In [139]:
# Plotting groups of categorical variables is so far proving fruitless. Connections must be there (I hope), but how to find them is difficult. I think it is time to 
# just start forming a logistic regression model and see what happens. I am hoping it will give any insight into how different characteristics effect injury severity.
# This notebook will be a first attempt at a simple random forest classifier. 

In [140]:
import pandas as pd
import numpy as np
import matplotlib.pyplot as plt
import seaborn as sns
from imblearn.over_sampling import SMOTE

sns.set_style("whitegrid")

In [141]:
data = '/home/wbrave1/Desktop/erdos/Bicycle-Safety/data/NCDOT_BikePedCrash.csv'

BikeCrash = pd.read_csv(data)

In [142]:
# I think for the sake of simplicity, I will take only a few features from the whole dataset. BikeInjury, Weather, CrashHour, CrashDay, and CrashMonth.
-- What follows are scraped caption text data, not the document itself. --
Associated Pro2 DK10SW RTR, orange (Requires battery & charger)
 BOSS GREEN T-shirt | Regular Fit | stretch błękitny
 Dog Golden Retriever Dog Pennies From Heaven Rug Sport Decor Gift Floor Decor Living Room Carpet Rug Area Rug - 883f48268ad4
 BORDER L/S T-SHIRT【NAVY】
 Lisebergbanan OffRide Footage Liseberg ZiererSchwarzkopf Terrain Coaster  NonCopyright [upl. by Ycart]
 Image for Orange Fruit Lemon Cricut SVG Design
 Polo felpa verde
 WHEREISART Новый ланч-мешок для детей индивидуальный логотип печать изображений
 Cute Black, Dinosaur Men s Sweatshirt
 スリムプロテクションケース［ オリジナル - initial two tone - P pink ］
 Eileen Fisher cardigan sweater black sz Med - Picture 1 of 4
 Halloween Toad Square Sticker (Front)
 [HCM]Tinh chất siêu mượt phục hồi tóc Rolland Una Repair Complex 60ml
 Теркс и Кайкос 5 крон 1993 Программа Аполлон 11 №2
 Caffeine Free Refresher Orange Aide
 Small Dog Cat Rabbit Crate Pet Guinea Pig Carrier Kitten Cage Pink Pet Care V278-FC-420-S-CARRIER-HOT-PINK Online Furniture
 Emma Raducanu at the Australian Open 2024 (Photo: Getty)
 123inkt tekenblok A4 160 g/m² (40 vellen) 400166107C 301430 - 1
This choice is made 
# because everythin besides BikeInjury can be encoded in a straightforward way. Weather will be one hot encoded, CrashMonth numbered 1 to 12.

features = ['BikeInjury', 'Weather', 'CrashHour', 'CrashDay', 'CrashMonth', 'RdConfig']

#features = ['BikeInjury', 'Weather', 'CrashHour', 'CrashDay', 'CrashMonth']

BikeCrashTrunc = BikeCrash[features]

In [143]:
WeekDays = ['Sunday', 'Monday', 'Tuesday', 'Wednesday', 'Thursday', 'Friday', 'Saturday']

BikeCrashTrunc['CrashDay'] = pd.Categorical(BikeCrashTrunc['CrashDay'], categories=WeekDays, ordered=True)

BikeCrashTrunc = BikeCrashTrunc.sort_values(by='CrashDay')

cat_columns = BikeCrashTrunc.select_dtypes(['category']).columns

BikeCrashTrunc[cat_columns] = BikeCrashTrunc[cat_columns].apply(lambda x: x.cat.codes)

A value is trying to be set on a copy of a slice from a DataFrame.
Try using .loc[row_indexer,col_indexer] = value instead

See the caveats in the documentation: https://pandas.pydata.org/pandas-docs/stable/user_guide/indexing.html#returning-a-view-versus-a-copy
  BikeCrashTrunc['CrashDay'] = pd.Categorical(BikeCrashTrunc['CrashDay'], categories=WeekDays, ordered=True)


In [144]:
Months = ['January', 'February', 'March', 'April', 'May', 'June', 'July', 'August', 'September', 'October', 'November', 'December']

BikeCrashTrunc['CrashMonth'] = pd.Categorical(BikeCrashTrunc['CrashMonth'], categories=Months, ordered=True)

BikeCrashTrunc = BikeCrashTrunc.sort_values(by='CrashMonth')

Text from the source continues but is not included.